You can use the Carbon library, which is an API extension for DateTime.

You can:

function calculate_age($date) {
    $date = new \Carbon\Carbon($date);
    return (int) $date->diffInYears();
}

or:

$age = (new \Carbon\Carbon($date))->age;

I use the following method to calculate age:

$oDateNow = new DateTime();
$oDateBirth = new DateTime($sDateBirth);

// New interval
$oDateIntervall = $oDateNow->diff($oDateBirth);

// Output
echo $oDateIntervall->y;

I did it like this.

$geboortedatum = 1980-01-30 00:00:00;
echo leeftijd($geboortedatum) 

function leeftijd($geboortedatum) {
    $leeftijd = date('Y')-date('Y', strtotime($geboortedatum));
    if (date('m')<date('m', strtotime($geboortedatum)))
        $leeftijd = $leeftijd-1;
    elseif (date('m')==date('m', strtotime($geboortedatum)))
       if (date('d')<date('d', strtotime($geboortedatum)))
           $leeftijd = $leeftijd-1;
    return $leeftijd;
}

This works fine.

<?php
  //date in mm/dd/yyyy format; or it can be in other formats as well
  $birthDate = "12/17/1983";
  //explode the date to get month, day and year
  $birthDate = explode("/", $birthDate);
  //get age from date or birthdate
  $age = (date("md", date("U", mktime(0, 0, 0, $birthDate[0], $birthDate[1], $birthDate[2]))) > date("md")
    ? ((date("Y") - $birthDate[2]) - 1)
    : (date("Y") - $birthDate[2]));
  echo "Age is:" . $age;
?>

// Age Calculator

function getAge($dob,$condate){ 
            $birthdate = new DateTime(date("Y-m-d",  strtotime(implode('-', array_reverse(explode('/', $dob))))));
            $today= new DateTime(date("Y-m-d",  strtotime(implode('-', array_reverse(explode('/', $condate))))));           
            $age = $birthdate->diff($today)->y;
            return $age;

}

$dob='06/06/1996'; //date of Birth
$condate='07/02/16'; //Certain fix Date of Age 
echo getAge($dob,$condate);

If you don't need great precision, just the number of years, you could consider using the code below ...
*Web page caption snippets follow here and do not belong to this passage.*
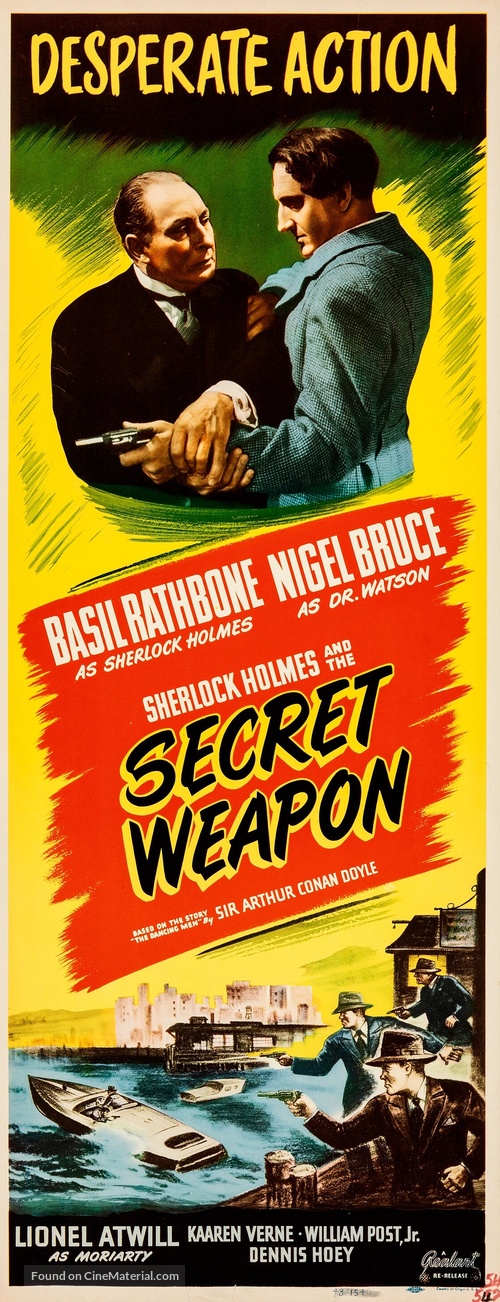 Sherlock Holmes and the Secret Weapon - Re-release movie poster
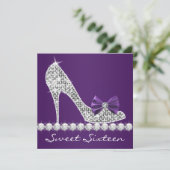 ハイヒールパープルSweet sixteen誕生日パーティー 招待状 (スタンド正面)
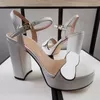 Fashion Platform Sandals Women Summer New Leather Designer Thick High Heel Open toe Party Dress Shoes Metal Buckle Size 34-42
 print floor((time() - strtotime("1971-11-20")) / (60*60*24*365));

You only need to put this into a function and replace the date "1971-11-20" with a variable.

Please note that precision of the code above is not high because of the leap years, i.e. about every 4 years the days are 366 instead of 365. The expression 60*60*24*365 calculates the number of seconds in one year - you can replace it with 31536000.

Another important thing is that because of the use of UNIX Timestamp it has both the Year 1901 and Year 2038 problem which means the the expression above will not work correctly for dates before year 1901 and after year 2038.

If you can live with the limitations mentioned above that code should work for you.